WHAT THIS TASK INVOLVES> Keep to one stretch of the data below, the lines from the one with "Car Wash Mop" up to and including the one with "image showing benefits", and return that stretch exactly.

DATA>
'''

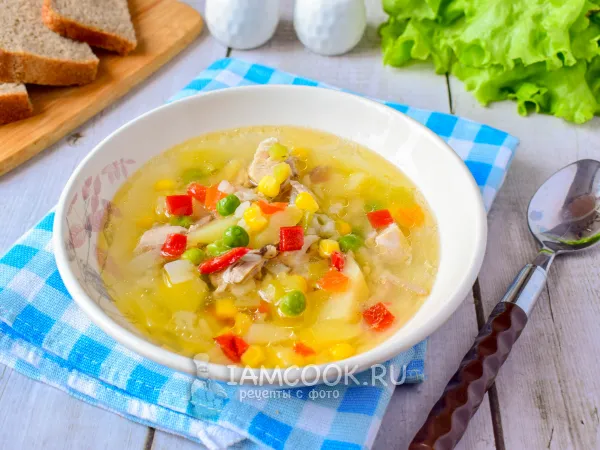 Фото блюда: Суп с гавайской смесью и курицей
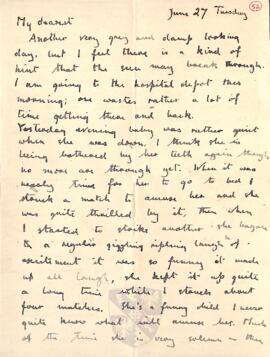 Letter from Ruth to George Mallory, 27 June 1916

'''
'''

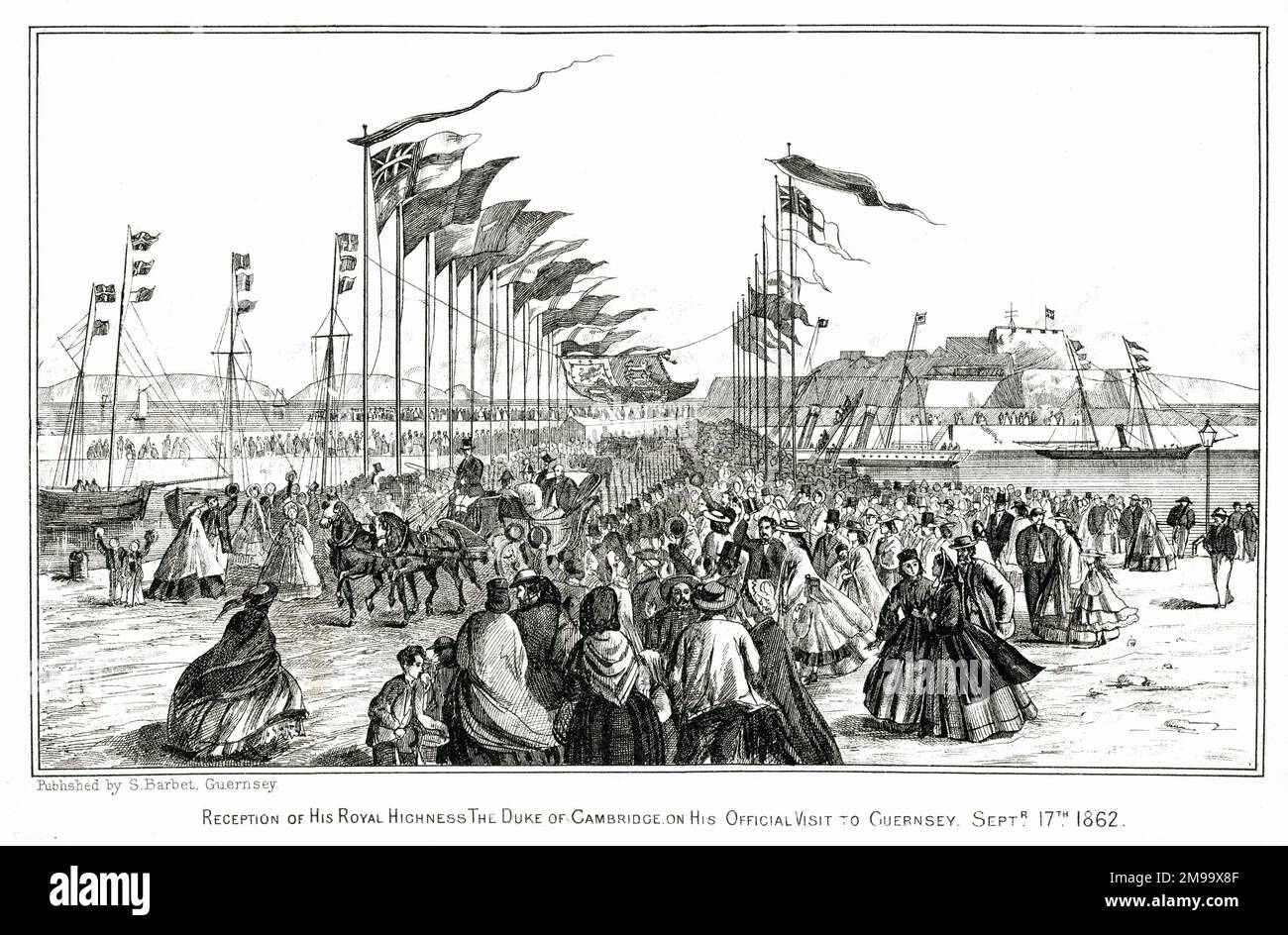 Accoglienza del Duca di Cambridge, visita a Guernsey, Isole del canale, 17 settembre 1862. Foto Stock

'''
'''

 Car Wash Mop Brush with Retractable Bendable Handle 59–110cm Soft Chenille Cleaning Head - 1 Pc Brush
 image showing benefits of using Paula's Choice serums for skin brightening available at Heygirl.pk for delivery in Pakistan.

'''

ANSWER SECTION>
 Car Wash Mop Brush with Retractable Bendable Handle 59–110cm Soft Chenille Cleaning Head - 1 Pc Brush
 image showing benefits of using Paula's Choice serums for skin brightening available at Heygirl.pk for delivery in Pakistan.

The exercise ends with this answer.